Welcome to William Schoell's GREAT OLD MOVIES blog. Feel free to leave a comment regardless of the date the review was posted -- I read 'em all. Or if you prefer -- and especially if you have any questions directly for me -- email me at firstname.lastname@example.org and I'll get back to you as soon as I can. Click on a label link (labels can be found at the bottom of each post) to find other movies from that year, the star, that director or genre and so on. Or enter a title, director, genre, star or supporting player in the small Blogger "search blog" box at the far left up above and click search blog. [NOTE: While this blog mostly reviews films -- and TV shows -- that are at least twenty-five years old, we do cover films up until the present day.] HAVE FUN AND THANKS FOR DROPPING BY. William.
Thursday, May 17, 2012
FRESH FROM PARIS
"If I thought there was any other woman, I'd leave you and the show as flat as yesterday's pancakes."

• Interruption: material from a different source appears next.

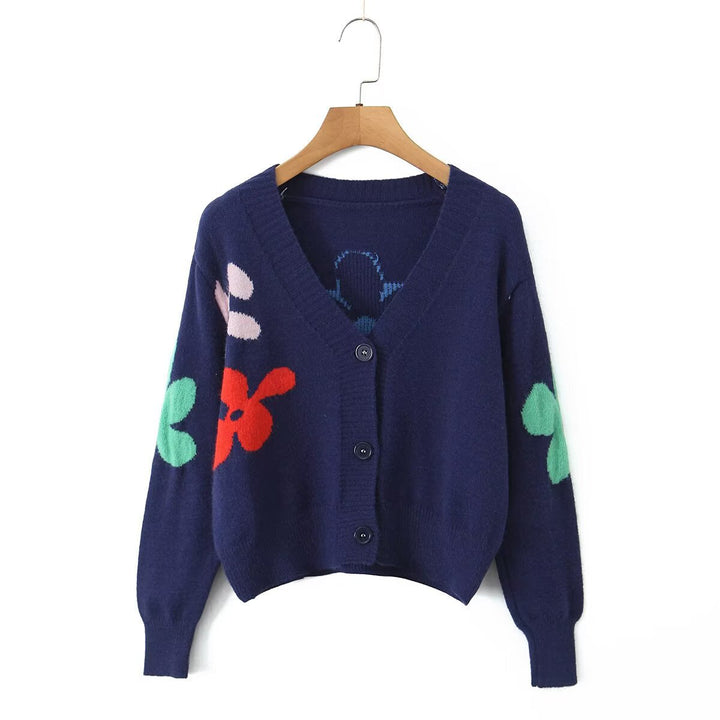 Cardigan tricoté confortable pour femmes avec motif floral coloré Chic & Stil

Dan Bradley (Forrest Tucker) has high hopes for his new supper club, Moulin Rouge in Hollywood, but he has two major problems: First, his lead singer, Margaret (Margaret Whiting) is threatening to walk out if she catches him with another woman and he's just proposed to his lady love, Ruth (Martha Hyer); Second, the fellow who is backing the club (Lloyd Corrigan) is not a wealthy entrepreneur but a loony with no money. Filmed at the actual Moulin Rouge nightclub this film hasn't much plot but it manages to be entertaining in spite of it and has some pleasant song numbers. Tucker, who you wouldn't think would be a good fit for this type of material, is at his most amiable; Hyer is pretty and competent; and Whiting -- although certainly devoid of Hollywood-style beauty -- is a very good singer. Other acts include the Sportsmen and a talented tenor named Frank Parker. Perky Barbara Whiting, Margaret Whiting's sister, also plays her sister in this movie. [The sisters later co-starred on the summer replacement sitcom Those Whiting Girls.] Goodwins directed everything from The Mummy"s Curse to Mexican Spitfire at Sea, one of the best of that series.
Verdict: Not as much fun as Tucker's The Cosmic Monsters, but not terrible. **1/2.